### TASK DESCRIPTION
When a line in the records includes the string "Stainless", it goes into the tally; report that tally alone.

### DATASET RECORDS
[Start of section]

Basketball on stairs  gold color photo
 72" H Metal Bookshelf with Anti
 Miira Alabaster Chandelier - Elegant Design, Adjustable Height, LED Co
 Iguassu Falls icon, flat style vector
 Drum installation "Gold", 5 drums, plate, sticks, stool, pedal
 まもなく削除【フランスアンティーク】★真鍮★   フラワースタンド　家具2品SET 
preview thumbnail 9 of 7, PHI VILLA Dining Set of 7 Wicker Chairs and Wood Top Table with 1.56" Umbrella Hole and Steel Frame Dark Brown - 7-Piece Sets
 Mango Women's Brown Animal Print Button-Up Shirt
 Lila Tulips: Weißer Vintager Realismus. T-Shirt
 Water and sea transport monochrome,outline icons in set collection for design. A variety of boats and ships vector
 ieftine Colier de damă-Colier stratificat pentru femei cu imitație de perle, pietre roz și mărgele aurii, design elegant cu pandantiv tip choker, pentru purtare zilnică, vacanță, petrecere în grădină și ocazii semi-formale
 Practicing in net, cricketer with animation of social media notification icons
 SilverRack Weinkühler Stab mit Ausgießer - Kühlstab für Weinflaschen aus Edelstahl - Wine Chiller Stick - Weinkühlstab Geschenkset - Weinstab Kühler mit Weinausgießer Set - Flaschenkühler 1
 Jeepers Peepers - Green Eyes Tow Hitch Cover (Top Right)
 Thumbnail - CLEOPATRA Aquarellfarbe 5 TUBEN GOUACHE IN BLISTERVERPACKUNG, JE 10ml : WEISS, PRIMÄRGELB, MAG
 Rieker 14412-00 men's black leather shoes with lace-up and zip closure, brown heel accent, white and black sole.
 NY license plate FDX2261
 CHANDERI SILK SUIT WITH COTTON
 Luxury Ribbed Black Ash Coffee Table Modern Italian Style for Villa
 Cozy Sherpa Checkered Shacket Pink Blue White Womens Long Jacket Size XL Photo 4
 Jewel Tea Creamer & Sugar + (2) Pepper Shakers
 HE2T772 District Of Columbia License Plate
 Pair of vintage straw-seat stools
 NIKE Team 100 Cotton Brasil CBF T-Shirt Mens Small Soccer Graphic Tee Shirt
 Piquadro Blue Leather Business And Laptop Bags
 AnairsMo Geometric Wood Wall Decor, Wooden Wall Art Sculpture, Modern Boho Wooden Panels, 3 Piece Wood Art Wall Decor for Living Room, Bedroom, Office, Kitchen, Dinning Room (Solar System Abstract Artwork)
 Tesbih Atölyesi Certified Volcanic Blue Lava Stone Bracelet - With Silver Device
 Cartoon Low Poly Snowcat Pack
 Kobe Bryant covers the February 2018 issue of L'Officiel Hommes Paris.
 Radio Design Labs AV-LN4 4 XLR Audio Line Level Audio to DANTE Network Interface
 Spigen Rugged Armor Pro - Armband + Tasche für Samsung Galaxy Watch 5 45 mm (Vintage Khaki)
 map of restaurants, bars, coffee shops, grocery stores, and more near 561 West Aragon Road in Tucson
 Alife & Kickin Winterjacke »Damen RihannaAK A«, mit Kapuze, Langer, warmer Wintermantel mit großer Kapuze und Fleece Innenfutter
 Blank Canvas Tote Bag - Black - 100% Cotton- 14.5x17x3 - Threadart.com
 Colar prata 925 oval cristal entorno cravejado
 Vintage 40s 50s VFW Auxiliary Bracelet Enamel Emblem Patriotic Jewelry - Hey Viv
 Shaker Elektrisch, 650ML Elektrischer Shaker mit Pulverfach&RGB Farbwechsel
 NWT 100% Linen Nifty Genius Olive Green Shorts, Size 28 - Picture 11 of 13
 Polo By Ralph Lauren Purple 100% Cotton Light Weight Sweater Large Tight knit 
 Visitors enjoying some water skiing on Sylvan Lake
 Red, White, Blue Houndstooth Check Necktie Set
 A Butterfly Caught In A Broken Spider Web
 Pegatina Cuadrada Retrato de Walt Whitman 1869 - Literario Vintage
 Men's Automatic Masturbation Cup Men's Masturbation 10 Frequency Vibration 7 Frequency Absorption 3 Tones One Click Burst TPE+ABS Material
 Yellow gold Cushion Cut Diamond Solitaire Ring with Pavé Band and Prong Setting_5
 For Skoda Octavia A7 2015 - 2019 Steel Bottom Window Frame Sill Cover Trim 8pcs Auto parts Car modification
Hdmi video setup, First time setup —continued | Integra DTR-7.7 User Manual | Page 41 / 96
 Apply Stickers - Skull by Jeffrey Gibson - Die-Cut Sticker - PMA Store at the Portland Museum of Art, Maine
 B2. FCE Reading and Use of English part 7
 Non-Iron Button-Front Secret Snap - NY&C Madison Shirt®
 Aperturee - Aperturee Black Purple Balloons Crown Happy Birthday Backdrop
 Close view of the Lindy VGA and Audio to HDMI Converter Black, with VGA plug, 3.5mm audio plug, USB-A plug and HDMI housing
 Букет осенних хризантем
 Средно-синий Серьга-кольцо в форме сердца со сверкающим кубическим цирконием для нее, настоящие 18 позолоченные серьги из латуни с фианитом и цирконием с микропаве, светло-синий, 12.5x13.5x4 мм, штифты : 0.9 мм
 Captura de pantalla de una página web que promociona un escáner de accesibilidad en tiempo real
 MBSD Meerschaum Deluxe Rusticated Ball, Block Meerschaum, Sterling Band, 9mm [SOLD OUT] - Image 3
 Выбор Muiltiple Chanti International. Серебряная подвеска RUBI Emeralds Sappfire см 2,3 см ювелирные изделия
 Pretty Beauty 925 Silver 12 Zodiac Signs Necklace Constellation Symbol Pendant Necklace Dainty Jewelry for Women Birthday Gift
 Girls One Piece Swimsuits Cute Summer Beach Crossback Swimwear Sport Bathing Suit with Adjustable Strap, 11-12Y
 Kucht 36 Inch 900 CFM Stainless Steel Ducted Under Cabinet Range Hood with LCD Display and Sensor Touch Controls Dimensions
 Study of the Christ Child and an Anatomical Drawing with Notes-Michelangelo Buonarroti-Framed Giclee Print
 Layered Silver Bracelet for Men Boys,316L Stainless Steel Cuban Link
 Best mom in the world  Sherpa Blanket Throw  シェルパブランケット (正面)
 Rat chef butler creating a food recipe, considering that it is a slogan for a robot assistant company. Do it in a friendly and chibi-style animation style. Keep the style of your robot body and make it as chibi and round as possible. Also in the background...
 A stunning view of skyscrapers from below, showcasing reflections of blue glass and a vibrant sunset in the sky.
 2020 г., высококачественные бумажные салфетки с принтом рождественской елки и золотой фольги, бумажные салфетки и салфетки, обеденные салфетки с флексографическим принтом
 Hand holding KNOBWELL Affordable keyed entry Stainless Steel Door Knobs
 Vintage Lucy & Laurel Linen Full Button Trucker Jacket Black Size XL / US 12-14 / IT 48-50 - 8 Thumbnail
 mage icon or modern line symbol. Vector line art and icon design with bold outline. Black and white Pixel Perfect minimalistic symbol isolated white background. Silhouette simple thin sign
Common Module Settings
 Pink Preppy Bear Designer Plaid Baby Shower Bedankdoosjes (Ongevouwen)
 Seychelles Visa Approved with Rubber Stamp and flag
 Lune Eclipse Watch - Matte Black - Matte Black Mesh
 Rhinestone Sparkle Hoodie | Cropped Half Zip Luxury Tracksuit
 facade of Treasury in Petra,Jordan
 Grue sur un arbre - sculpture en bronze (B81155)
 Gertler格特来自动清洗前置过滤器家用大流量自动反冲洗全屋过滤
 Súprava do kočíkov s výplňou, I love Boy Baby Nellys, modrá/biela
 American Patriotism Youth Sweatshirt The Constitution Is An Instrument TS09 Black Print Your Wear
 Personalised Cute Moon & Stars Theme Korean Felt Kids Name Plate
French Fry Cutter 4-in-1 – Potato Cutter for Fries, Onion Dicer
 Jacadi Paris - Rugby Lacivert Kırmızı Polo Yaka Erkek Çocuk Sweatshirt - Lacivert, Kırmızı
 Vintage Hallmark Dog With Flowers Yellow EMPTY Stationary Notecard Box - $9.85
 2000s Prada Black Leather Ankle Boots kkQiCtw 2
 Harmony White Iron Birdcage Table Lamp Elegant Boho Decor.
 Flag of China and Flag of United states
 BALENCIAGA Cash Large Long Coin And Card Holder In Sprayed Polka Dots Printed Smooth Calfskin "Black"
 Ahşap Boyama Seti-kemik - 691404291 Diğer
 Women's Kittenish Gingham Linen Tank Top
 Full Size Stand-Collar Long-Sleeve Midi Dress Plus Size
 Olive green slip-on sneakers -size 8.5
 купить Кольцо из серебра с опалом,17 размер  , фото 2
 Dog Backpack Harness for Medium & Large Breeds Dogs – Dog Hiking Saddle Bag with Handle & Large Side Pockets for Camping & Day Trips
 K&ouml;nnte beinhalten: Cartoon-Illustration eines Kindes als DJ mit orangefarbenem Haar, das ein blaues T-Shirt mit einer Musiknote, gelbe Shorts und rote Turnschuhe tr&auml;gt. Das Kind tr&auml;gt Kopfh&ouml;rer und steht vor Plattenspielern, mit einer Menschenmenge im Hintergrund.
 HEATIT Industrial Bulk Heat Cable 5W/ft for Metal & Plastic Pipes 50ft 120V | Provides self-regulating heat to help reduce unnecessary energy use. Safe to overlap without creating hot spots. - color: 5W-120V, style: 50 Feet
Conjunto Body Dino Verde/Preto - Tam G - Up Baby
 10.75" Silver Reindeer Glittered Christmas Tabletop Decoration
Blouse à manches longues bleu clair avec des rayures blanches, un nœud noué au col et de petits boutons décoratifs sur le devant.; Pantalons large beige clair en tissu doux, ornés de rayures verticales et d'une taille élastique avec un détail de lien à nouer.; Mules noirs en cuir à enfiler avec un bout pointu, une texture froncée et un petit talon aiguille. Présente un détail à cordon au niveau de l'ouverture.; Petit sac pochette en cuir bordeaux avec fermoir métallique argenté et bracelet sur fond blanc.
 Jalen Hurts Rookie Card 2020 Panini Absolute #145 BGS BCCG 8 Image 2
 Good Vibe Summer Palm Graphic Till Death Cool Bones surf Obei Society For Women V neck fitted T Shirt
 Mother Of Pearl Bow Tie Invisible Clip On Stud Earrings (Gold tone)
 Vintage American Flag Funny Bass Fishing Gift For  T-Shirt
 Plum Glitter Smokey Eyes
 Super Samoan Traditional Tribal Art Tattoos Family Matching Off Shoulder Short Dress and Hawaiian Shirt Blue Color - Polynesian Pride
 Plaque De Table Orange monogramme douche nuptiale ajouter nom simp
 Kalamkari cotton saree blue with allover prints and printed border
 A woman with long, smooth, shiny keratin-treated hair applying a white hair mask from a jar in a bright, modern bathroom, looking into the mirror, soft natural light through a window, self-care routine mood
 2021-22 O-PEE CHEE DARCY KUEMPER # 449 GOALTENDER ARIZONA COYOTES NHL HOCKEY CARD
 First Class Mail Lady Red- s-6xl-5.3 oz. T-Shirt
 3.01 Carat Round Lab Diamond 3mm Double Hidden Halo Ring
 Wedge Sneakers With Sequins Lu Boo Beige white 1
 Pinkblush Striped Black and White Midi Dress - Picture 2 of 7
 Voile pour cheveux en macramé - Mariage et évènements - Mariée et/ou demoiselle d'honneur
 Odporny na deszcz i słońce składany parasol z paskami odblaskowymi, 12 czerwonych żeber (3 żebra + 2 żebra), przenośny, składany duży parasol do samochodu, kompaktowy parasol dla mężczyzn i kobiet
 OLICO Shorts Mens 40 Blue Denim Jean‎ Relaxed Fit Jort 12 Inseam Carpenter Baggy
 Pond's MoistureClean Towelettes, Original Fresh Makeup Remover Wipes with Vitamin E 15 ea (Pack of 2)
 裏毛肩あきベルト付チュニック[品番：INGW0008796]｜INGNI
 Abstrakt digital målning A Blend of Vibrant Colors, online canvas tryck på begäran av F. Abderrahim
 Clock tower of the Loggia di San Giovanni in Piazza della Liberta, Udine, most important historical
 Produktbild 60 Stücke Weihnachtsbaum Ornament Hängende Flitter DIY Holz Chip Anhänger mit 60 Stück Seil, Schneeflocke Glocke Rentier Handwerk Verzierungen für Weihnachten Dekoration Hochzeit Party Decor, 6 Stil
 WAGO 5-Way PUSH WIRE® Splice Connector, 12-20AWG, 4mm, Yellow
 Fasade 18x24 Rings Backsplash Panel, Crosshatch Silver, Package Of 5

[End of section]

### ANSWER FOR THE TASK
3